[Task to carry out] For this exercise, write out each entry below exactly, omitting the images.

[Excerpted data]

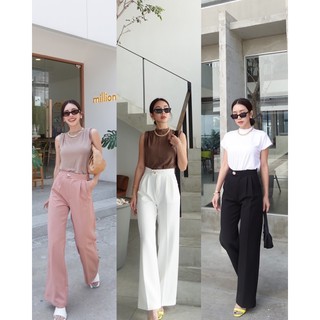 SATU | Olive pants กางเกงขายาว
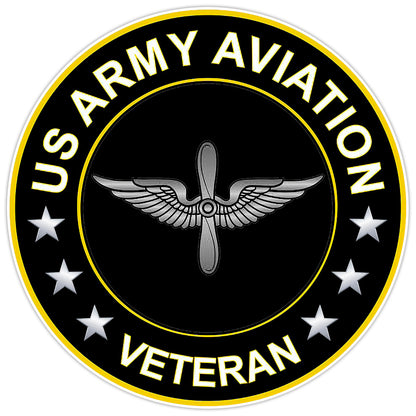 US Army Aviation Veteran Bumper Sticker Military Vinyl Soldier Decal 5"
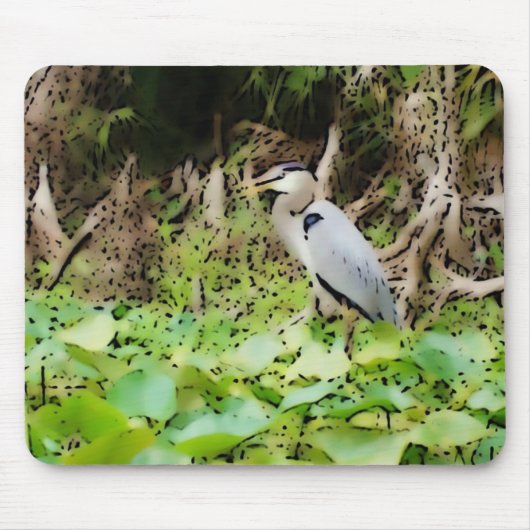 Great Blue Heron Mousepad (Vorne)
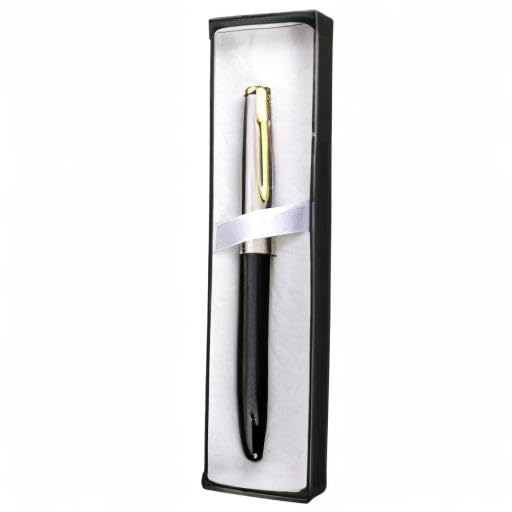 Frcctre 20 Pack Empty Pen Gift Box with Clear Lid, Pen Display Case Pencil Gift Box Black Cardboard Collection Case with Cushion, Ballpoint Jewelry Gift Box for Birthday Business Office Supplies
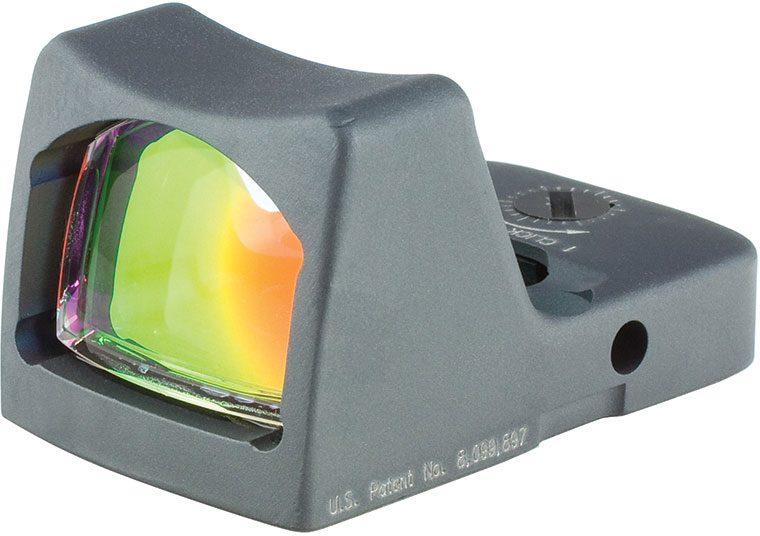 Trijicon RMR Type 2 Ruggedized Miniature Reflex Sight RM01-C-700622, 1x, Red Dot, 3.25 MOA, Gray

[Answer box]
 SATU | Olive pants กางเกงขายาว
 US Army Aviation Veteran Bumper Sticker Military Vinyl Soldier Decal 5"
 Great Blue Heron Mousepad (Vorne)
 Frcctre 20 Pack Empty Pen Gift Box with Clear Lid, Pen Display Case Pencil Gift Box Black Cardboard Collection Case with Cushion, Ballpoint Jewelry Gift Box for Birthday Business Office Supplies
 Trijicon RMR Type 2 Ruggedized Miniature Reflex Sight RM01-C-700622, 1x, Red Dot, 3.25 MOA, Gray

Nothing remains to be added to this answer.